Given $\mathfrak{q}$ in $L/K$ unramified, can we find $\alpha$ such that $L=K(\alpha)$ and $f'(\alpha)$ not divisible by $\mathfrak{q}$? Consider the following situation: Let $L/K$ be a finite extension of number fields and $\mathfrak{q}$ a prime of $L$ that is unramified. I am looking for a proof of the fact that one can always find some primitive element $\alpha$ of the field extension with the following property: If $f$ is the minimal polynomial of $\alpha$, then $f'(\alpha)\mathcal{O}_L$ is not divisible by $\mathfrak{q}$ - in other words, reducing everything mod $\mathfrak{q}$, $\overline{\alpha}$ is not a repeated root of $\overline{f}$.
I know that this is true "most of the time". Namely, if $\mathfrak{p}$ is the prime of $K$ below $\mathfrak{q}$, in the case where we can find some $\alpha$ with $L=K(\alpha)$ such that the conductor $\mathfrak{f}$ of $\mathcal{O}_K[\alpha]$ in $\mathcal{O}_L$ is coprime to $\mathfrak{p}\mathcal{O}_L$. However, this might not always be possible.
If it is indeed true, I would like to have a "global" proof of this fact, i.e. without localization.
(Background: I am trying to give a fairly simple proof that unramified primes $\mathfrak{q}$ do not divide the different $\mathcal{D}_{L/K}$. If one can always find an $\alpha$ as above, the argument is simple: We know $f'(\alpha)\in\mathcal{D}_{L/K}$ and hence $\mathcal{D}_{L/K}|f'(\alpha)\mathcal{O}_L$, which shows that $\mathcal{D}_{L/K}$ is not divisible by $\mathfrak{q}$.)
 A: Let $\mathfrak{p} =\mathfrak{q}\cap O_K$, $R=O_L/\mathfrak{p}O_L$, $k=O_K/\mathfrak{p}$, $\mathfrak{p}O_L=\mathfrak{q} I$.
$\mathfrak{q}$ unramified means that $I\not\subset \mathfrak{q}$ ie. $(\mathfrak{q},I)=(1)$ and $$R \cong O_L/\mathfrak{q}\times O_L/I\quad \text{   as } k \text{ algebra}\tag{1}$$

*

*Take $\beta\in I$ whose reduction generates $O_L/\mathfrak{q}$ as a field extension of $k$.

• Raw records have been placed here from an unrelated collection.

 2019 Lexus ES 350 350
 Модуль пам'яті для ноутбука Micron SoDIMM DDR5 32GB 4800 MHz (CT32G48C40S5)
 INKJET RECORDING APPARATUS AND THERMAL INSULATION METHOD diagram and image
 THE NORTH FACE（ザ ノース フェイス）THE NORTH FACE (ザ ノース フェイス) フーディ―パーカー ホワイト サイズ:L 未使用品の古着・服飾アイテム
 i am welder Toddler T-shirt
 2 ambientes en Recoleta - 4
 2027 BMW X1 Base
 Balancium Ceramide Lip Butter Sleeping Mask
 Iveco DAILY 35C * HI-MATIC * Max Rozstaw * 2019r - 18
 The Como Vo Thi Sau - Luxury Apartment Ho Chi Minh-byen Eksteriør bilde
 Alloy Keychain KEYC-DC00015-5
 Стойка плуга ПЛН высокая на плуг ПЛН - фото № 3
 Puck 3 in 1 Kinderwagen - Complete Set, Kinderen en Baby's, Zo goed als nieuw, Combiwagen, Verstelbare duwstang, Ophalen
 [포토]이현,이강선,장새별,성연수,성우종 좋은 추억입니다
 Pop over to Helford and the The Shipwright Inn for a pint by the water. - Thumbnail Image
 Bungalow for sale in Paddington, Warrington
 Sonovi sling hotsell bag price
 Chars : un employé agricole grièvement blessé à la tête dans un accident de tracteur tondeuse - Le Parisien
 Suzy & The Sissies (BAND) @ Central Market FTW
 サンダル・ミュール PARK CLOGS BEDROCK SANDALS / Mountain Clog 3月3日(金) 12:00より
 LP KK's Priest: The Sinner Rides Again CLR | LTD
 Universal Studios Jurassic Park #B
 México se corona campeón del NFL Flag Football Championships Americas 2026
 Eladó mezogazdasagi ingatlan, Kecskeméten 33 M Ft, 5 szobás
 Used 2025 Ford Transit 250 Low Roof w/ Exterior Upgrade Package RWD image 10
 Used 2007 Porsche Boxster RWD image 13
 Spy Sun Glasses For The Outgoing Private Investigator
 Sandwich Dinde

*Take $\gamma\in O_L$ that is a primitive element $L=\Bbb{Q}(\gamma)$.


*Let $$\alpha=\beta+n\gamma |R|$$ where $n$ is large enough such that $\forall \sigma,\sigma'\in Hom_\Bbb{Q}(L,\Bbb{C}), n |R||\sigma(\gamma)-\sigma'(\gamma)| > |\sigma(\beta)-\sigma'(\beta)|$.
This implies that $\Bbb{Q}(\alpha)$ has $[L:\Bbb{Q}]$ distinct complex embeddings ie. $L=\Bbb{Q}(\alpha)=K(\alpha)$.
Let $f(x)\in O_K[x]$ be $\alpha$'s monic minimal polynomial. Using $(1)$ we have
$$f(x) = \det(x-\alpha\in End_K(L))\equiv \det(x-\alpha\in End_k(R))\in k[x]$$
$$ = \det(x-\alpha\in End_k(O_L/\mathfrak{q}))\ \det(x-\alpha\in End_k(O_L/I))$$
$$= \det(x-\beta\in End_k(O_L/\mathfrak{q}))\ \det(x-0\in End_k(O_L/I)) = h(x) x^m\in k[x]$$
where $h(x)\in k[x]$ is separable and irreducible of degree $\dim_k(O_L/\mathfrak{q})$ and $m=\dim_k(O_L/I)$.